A court forces to adapt teaching to the needs of a dyslexic child
Las Palmas de Gran Canaria, March 20 (EFE).- The Superior Court of Justice of the Canary Islands (TSJC) has ordered the Ministry of Education of the autonomous community to take measures so that the education received by a child with dyslexia is adapted to your learning needs, so that you can progress correctly.
In a sentence released by the association of public employees La Casa del Oficial, the TSJC acknowledges to some parents that the Ministry of Education has violated their child's constitutional right to equality, by not meeting their repeated requirements for the child to subject to a pedagogical evaluation and for the teaching to be adapted to his problem.
In 2013, the boy's parents informed the concerted school in Gran Canaria where he was studying that they had diagnosed him with dyslexia, so they asked that the teaching they gave him be done in a personalized way, "adapted to his circumstances".
The Contentious-Administrative Chamber of the TSJC reports that the family received evasive responses from the school in the following years: first, that they did not have a psycho-pedagogical office; then, that the child did not suffer from dyslexia, but a lack of language stimulation; later, that it was progressing well; and lastly, that his IQ was average.

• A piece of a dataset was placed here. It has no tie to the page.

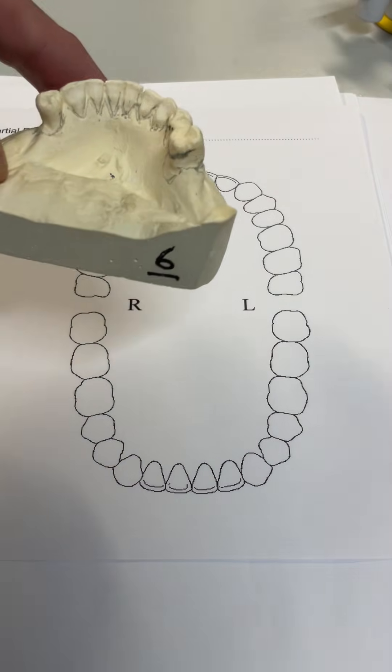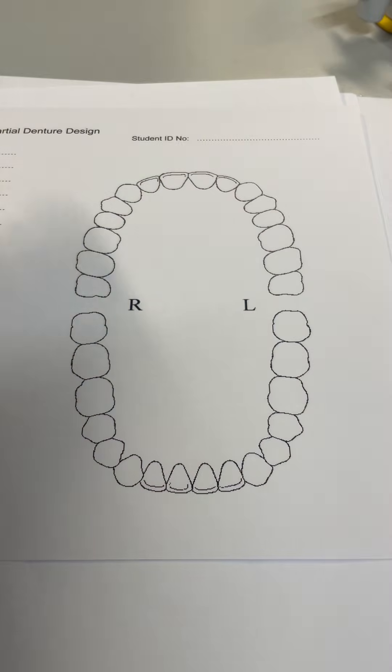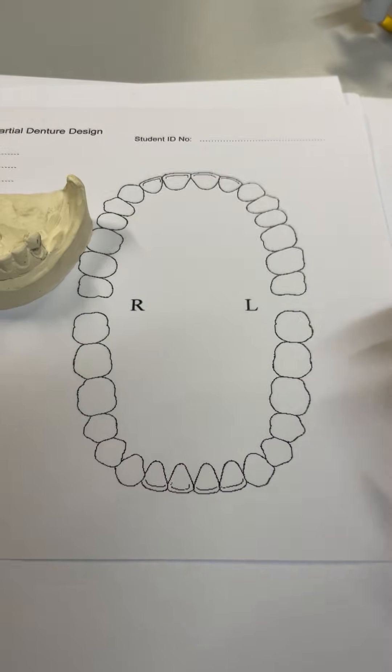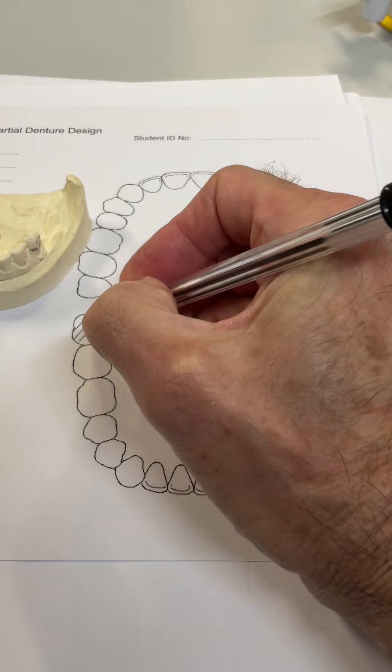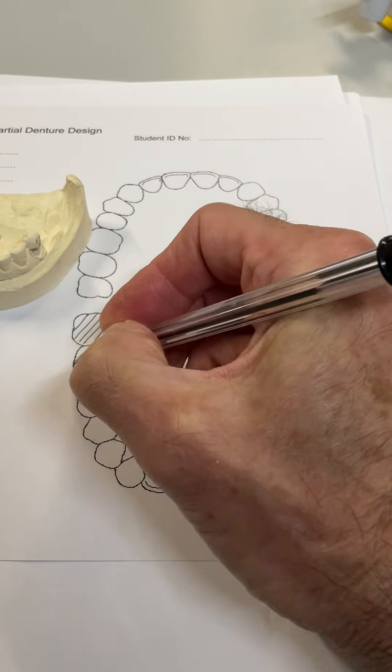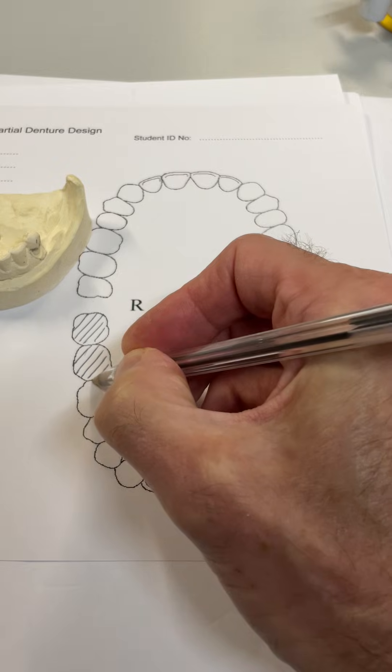Case number six: bilateral free-end saddle. The first thing we do, as you know, is to hash out the missing teeth. Lower right we have no molars. We're not going to replace the eights, but we're still going to shade out the area because the denture base is going to go back as far as the retromolar pad.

Given these responses, the family forwarded their requests to the Ministry of Education, but without success.
The magistrates consider that, despite what the school and the council allege, "there are sufficient indications to be able to demand the school or the educational administration to adopt the necessary measures to respond and support the learning difficulties of the student. minor".
The Chamber considers that the child's dilexia problems are "obvious" and, furthermore, they were diagnosed, which does not contradict in any way the fact that his IQ is 116 because this "does not imply that there are no learning difficulties".
The TSJC examines some similar Supreme Court rulings on cases of students with autism spectrum disorder (ASD) and concludes that, like them, children with dyslexia "are in a starting position of inequality, which makes them deserving of an administrative response suited to your needs."
The magistrate rapporteur of the sentence recalls that dyslexia is included in the regulations as a case of specific learning difficulty and that the schooling of students with these problems is governed by the principles of normalization, inclusion and effective equality.
The TSJC defends that all this imposes a double obligation on the authorities before these children: first, the provision of means in the form of personnel, facilities and educational programs appropriate to their needs; and second, “the burden of explaining why the support a student requires cannot be provided with measures of attention to diversity in ordinary schools”.
The association that has disseminated the sentence ensures that it is the first in Spain that orders a Ministry of Education to adapt teaching to children with dyslexia.